--- Data shown Enclosed Below ---

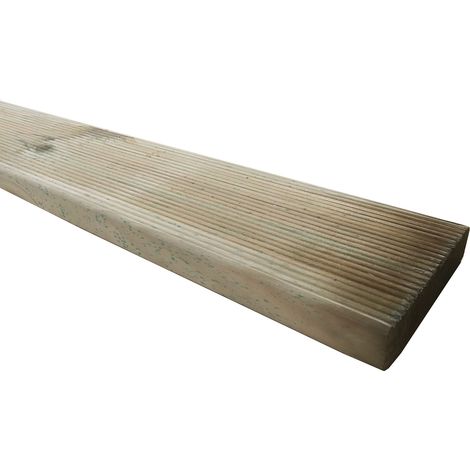 Confezione 5 Pezzi Profilo Zigrinato 2,7x12x240 cm in Legno di Pino Impregnato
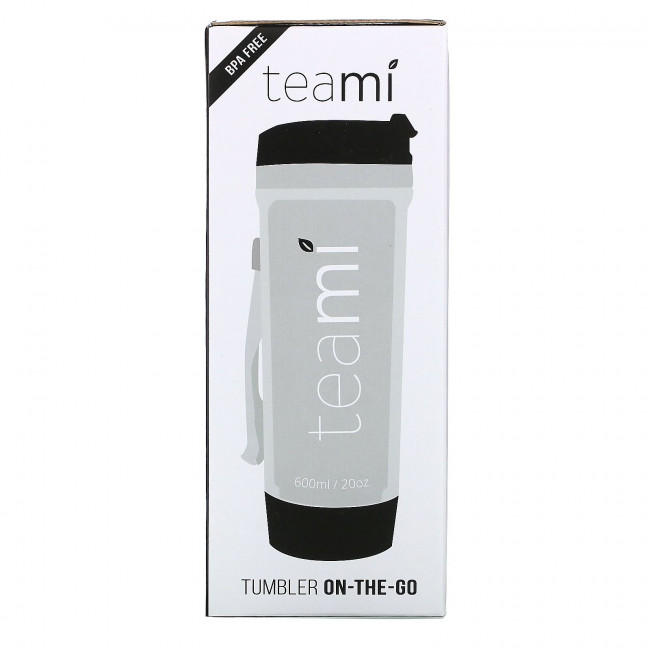 Teami, Tumbler On-the-Go, Black, 20 oz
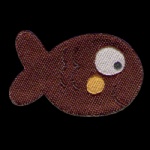 fish woven patch 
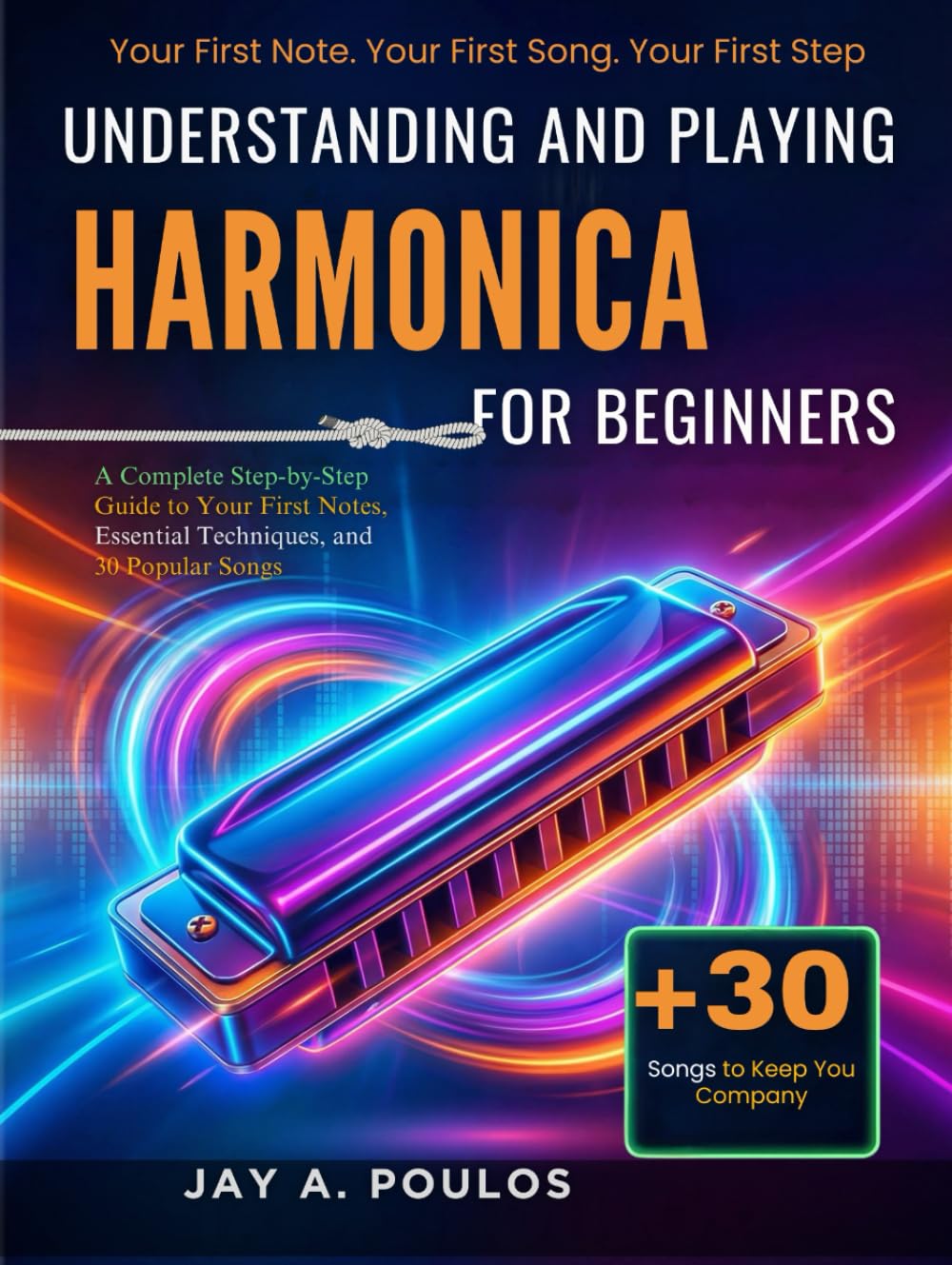 UNDERSTANDING AND PLAYING HARMONICA FOR BEGINNERS: A Complete Step-by-Step Guide to Your First Notes, Essential Techniques, and 30 Popular Songs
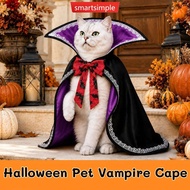 SMARTSIMPLE Hooded Bat Shaped Pet Halloween Cloak Funny Cosplay Cape For Dogs Cats Party Festival Dr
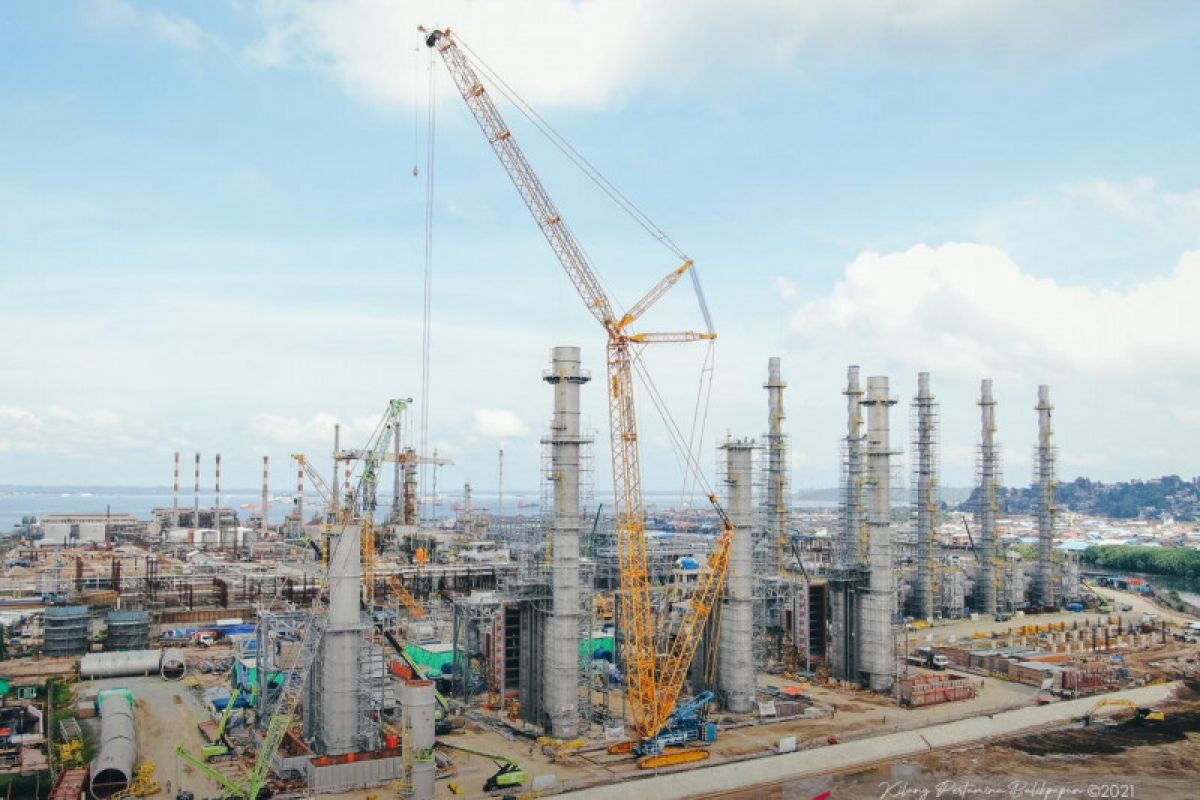 Pertamina targetkan RDMP Balikpapan produksi Pertamax Maret 2024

--- End of Enclosed Data shown ---

Every record above should be written out again exactly; the pictures stay out of the copy.

[Written answer]:
 Confezione 5 Pezzi Profilo Zigrinato 2,7x12x240 cm in Legno di Pino Impregnato
 Teami, Tumbler On-the-Go, Black, 20 oz
 fish woven patch 
 UNDERSTANDING AND PLAYING HARMONICA FOR BEGINNERS: A Complete Step-by-Step Guide to Your First Notes, Essential Techniques, and 30 Popular Songs
 SMARTSIMPLE Hooded Bat Shaped Pet Halloween Cloak Funny Cosplay Cape For Dogs Cats Party Festival Dr
 Pertamina targetkan RDMP Balikpapan produksi Pertamax Maret 2024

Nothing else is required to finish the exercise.